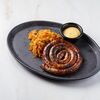 Колбаски на гриле с тушеной капустой и дижонской горчицей в Brasserie Lambic по цене 870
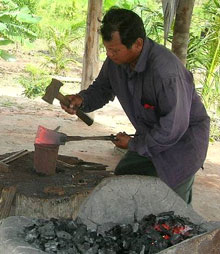 Khat Rim working the coals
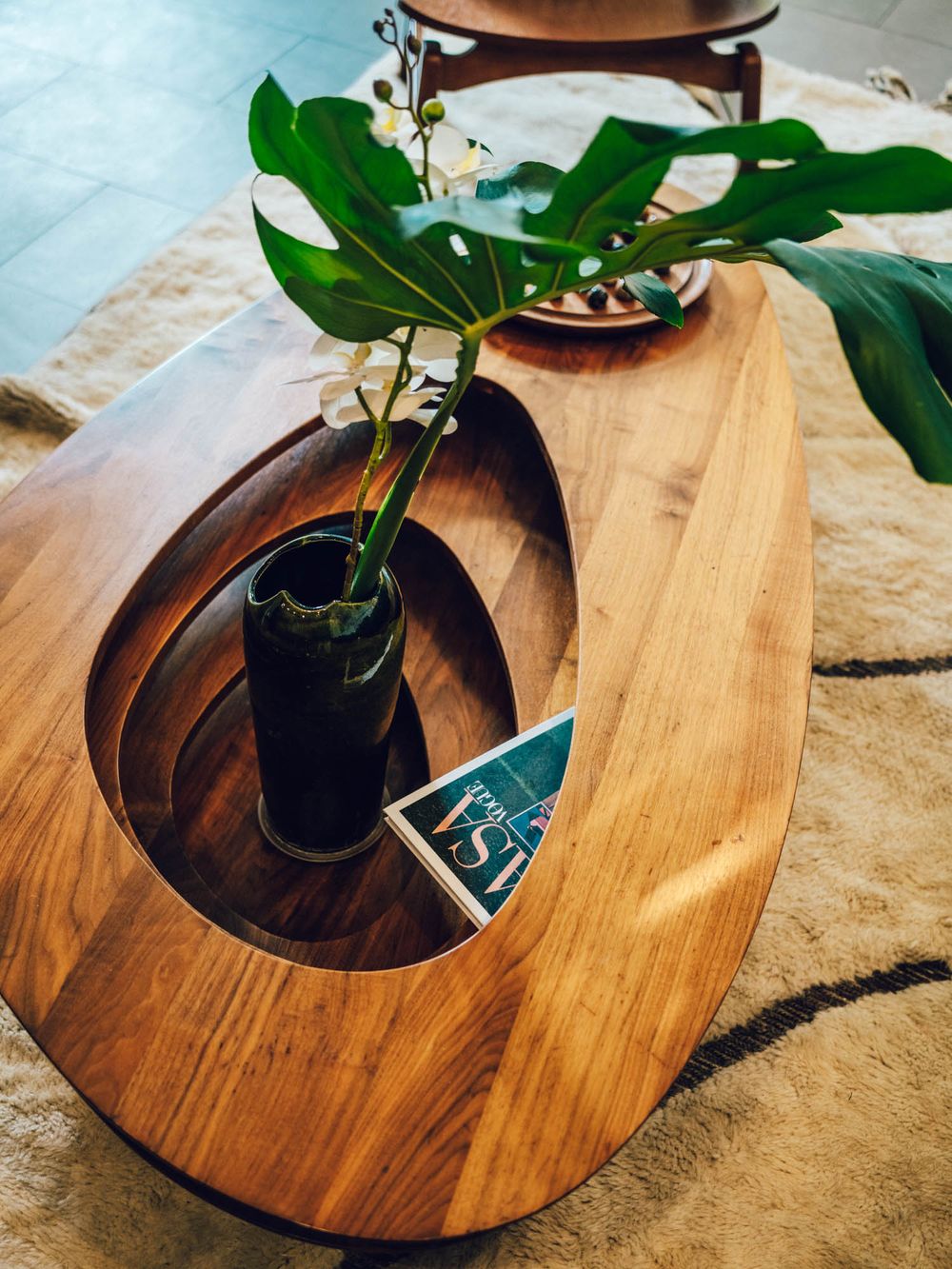 A modern wooden coffee table with a circular cutout planter featuring a green potted plant on a beige carpet.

- Aim of the exercise
Everything in the listing except the pictures must come back exactly as written.

- Written answer
 Колбаски на гриле с тушеной капустой и дижонской горчицей в Brasserie Lambic по цене 870
 Khat Rim working the coals
 A modern wooden coffee table with a circular cutout planter featuring a green potted plant on a beige carpet.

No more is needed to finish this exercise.